Berment v. County of Erie

Matthew J. Jasen, J.

Defendant, County of Erie, moves pursuant to CPLR 3211 (subd. [a], (par. 8) to dismiss the complaint against it upon the grounds that the plaintiffs failed to serve the summons in this action in accordance with CPLR 311 (subd. 4), and within the time as required by section 50-i of the General Municipal Law.

The accident purportedly giving rise to this cause of action arose on September 26,1965.

Plaintiffs contend that “ during the first week of July 1966,” service of a summons and complaint in this action was made upon “ a secretary of the County Attorney’s office.”

No answer was interposed by the county and during October and November, 1966, plaintiffs’ attorney alleges he had his *367secretary telephone the office of the County Attorney on several occasions to make inquiries as to why an answer had not been served. Subsequently, plaintiffs ’ attorney states that he *1 had a conversation with Attorney Fred Buscaglia of the County Attorney’s Office, who informed him that he would check the matter.”

Thereafter, he was informed that the County Attorney’s file indicated that no service had been made upon the County Attorney. On January 9, 1967, the County Attorney received by registered mail a copy of the summons and complaint in this action.

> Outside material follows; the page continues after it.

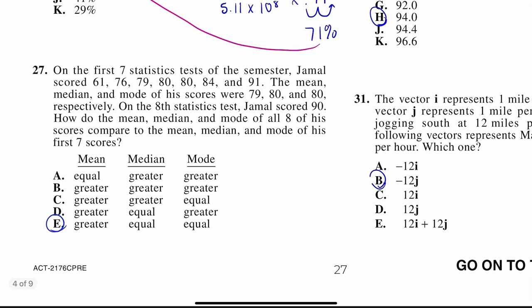On the first seven statistics tests of the semester, Jamal scored 61, 76, 79, 80, 80, 84, and 91. The mean, median, and mode of his scores were 79, 80, and 80 respectively. On the 8th statistics test, Jamal scored a 90. How did the mean, median, and mode of all eight scores compare to the mean, median, and mode of his first seven scores? I'm going to write out mean, median, mode for both the original and new scores.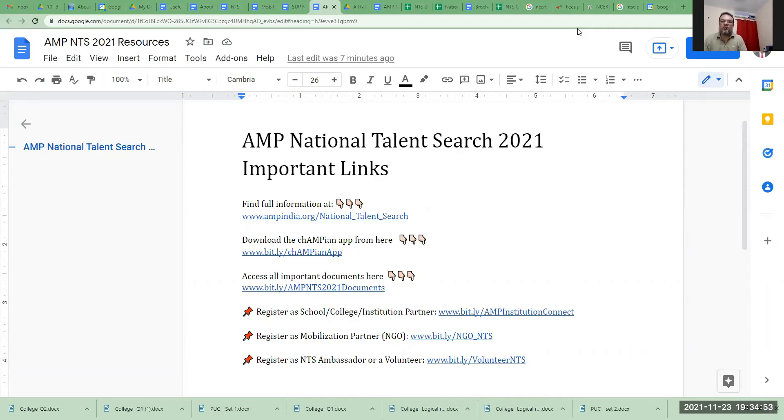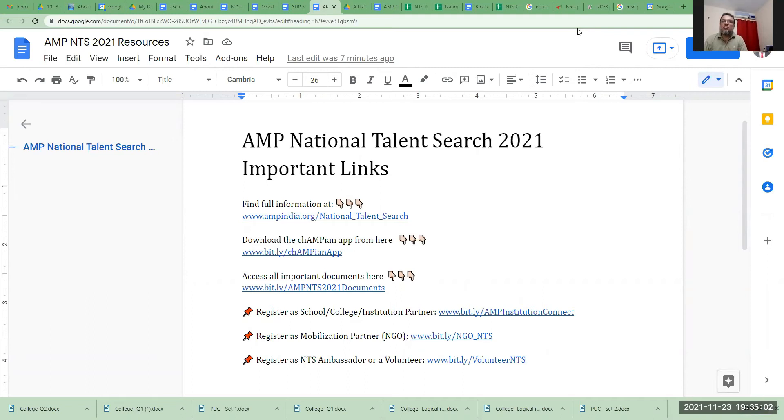Assalamu alaikum warahmatullahi wabarakatuh. Thank you for your interest in the Association of Muslim Professionals National Talent Search. My name is Khalil and I am here to tell you about the why, how, when, who, and what of NTS 2021.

Upon the facts and circumstances presented, this court must find that the alleged service of the summons and complaint on a secretary at the County Attorney’s office “ during the first week of July 1966,” was not served in the manner provided by statute.

CPLR 311 provides for the manner of service of a summons upon a county, as follows:

“ Personal service upon a * * * governmental subdivision shall be made by delivering the summons as follows: # # #
“ 4. upon a county, to the chairman or clerk of the board of supervisors, clerk, attorney, or treasurer ’ ’.

Here, concededly, the alleged service was not made personally upon the County Attorney or upon an acting or deputy County Attorney in his absence, but “on a secretary at the County Attorney’s Office.” Such a service was not in accordance with CPLR 311 (subd. 4), and therefore, the court acquires no jurisdiction over the defendant County of Erie.

Likewise, by reason of section 50-i of the General Municipal Law, the time within which to commence Maurice Berment’s derivative cause of action, as father and natural guardian of the two infant plaintiffs, Jane and Lorraine Berment, has expired.

However, section 50-i is not a bar to the infants’ causes of action (CPLR 208; Bernal v. Baptist Fresh Air Home Soc., 275 App. Div. 88, affd. 300 N. Y. 486).

Accordingly, the motion should be granted.